九月的重阳宫宴过后不久,翠果的身孕便快满八个月了,按着规制,完颜氏可递牌子进宫,陪伴女儿待产。
时隔一年再见额娘,翠果高兴得不知如何是好,她同皇上提出,想搬回永寿宫去,在这待产的最后两月,同额娘、同敏言一道住在永寿宫。
可皇帝却断然拒绝了她,说什么也不允她搬离养心殿,只道她白日可去永寿宫,但晚膳前必须回来。
翠果本又想使出胡搅蛮缠的招数,皇帝却好似终于寻到了治她这法子的门道。
他先是放缓了语气,柔声道:“朕也需要娘娘陪伴,若娘娘回了永寿宫,必定全身心都只在完颜夫人和公主身上了,将朕抛到九霄云外。”
他挺拔的鼻梁轻蹭过她的脖颈,呼吸喷洒上去,有些痒,刻意压低的嗓音透着磁性,“朕也不求娘娘日夜相伴,只求娘娘入夜后回来,陪一陪朕,如此,娘娘也不肯应承朕,不肯给朕这点陪伴么?”
皇帝这般少见地放软身段,翠果也只能举手投降了,这样的皇上,她从未见过,又想着太后才去不久,自己的额娘能进宫相伴,自己欢天喜地,可皇上却再没有额娘了,她这般,似乎确实过分了些,况且皇上的要求实在不算高,只是让她晚膳前回来罢了。

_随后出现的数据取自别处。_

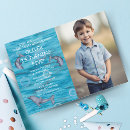 Search for dolphin birthday invitations Nautical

翠果顿时觉得自己简直可恶,怎能这样欺负皇上呢?皇上待她这样好。
她当即肯定道:“好,皇上,我不搬了,我就住在养心殿里,一直陪着你,等孩子生下来,我也不搬。”
皇帝得了她这话,笑得开怀,执起她的手在掌心一握,道:“好,娘娘金口玉言,朕可记下了。”

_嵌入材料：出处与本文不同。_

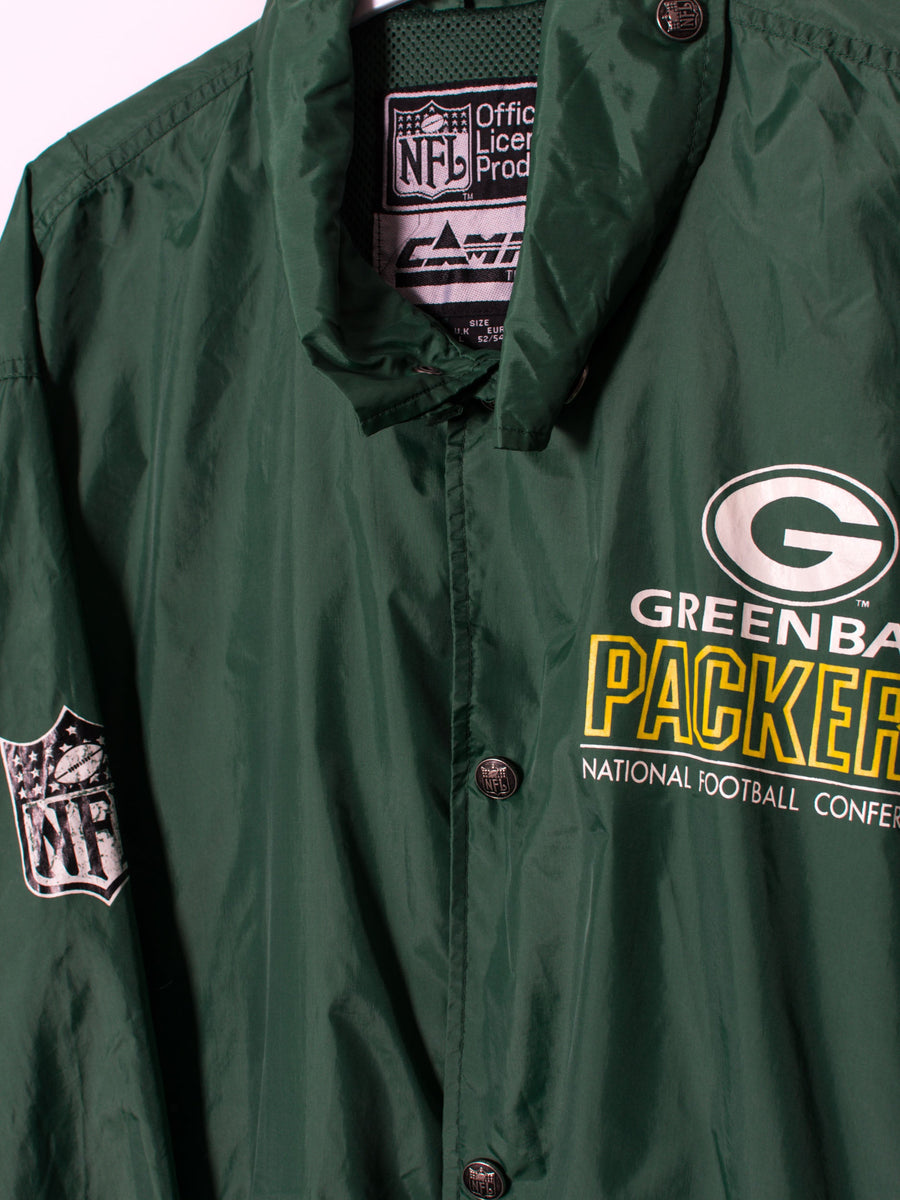 Greenbay Packers Campri Official NFL Light Jacket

翠果不是头一回在冬日里待产,上一回生公主时,大约也是这个时节,当时完颜氏与崔嬷嬷便将她照看得极好,这一回,翠果自然也乐得当个甩手掌柜,将诸事都抛给额娘与嬷嬷应对。
她每日只安心得像条小尾巴,缀在完颜氏身后,这般黏着额娘、做回小女儿的姿态,直过了七八日光景,才渐渐歇了。
敏言对这位外祖母并不认生,虽说当初完颜氏离宫时,她才刚满月,理应毫无印象,可小人儿性子乖巧,任谁来逗,都会很配合地露出小米牙笑,几日相处下来,便也肯让外祖母抱着,乖乖偎在怀里了。
完颜氏还说,翠果表哥后来续娶的媳妇,如今也生了两个,个个调皮捣蛋,没一个像敏言这般乖巧可人。
无人不说敏言公主的性子是随了额娘。
完颜氏也这般讲,她说翠果幼时便是如此,明明听不懂大人在说些什么,却总会下意识地对身边人露出笑来,是个顶省心的孩子。
翠果听了这话,当夜回养心殿便特意说与皇帝听,还带着几分炫耀:“敏言这般乖巧,都是随了我,敬妃姐姐也这样说,前几日在御花园碰见欣贵人,她也这般说呢。”
这般说过,她又想起敏言的相貌,不觉有些泄气。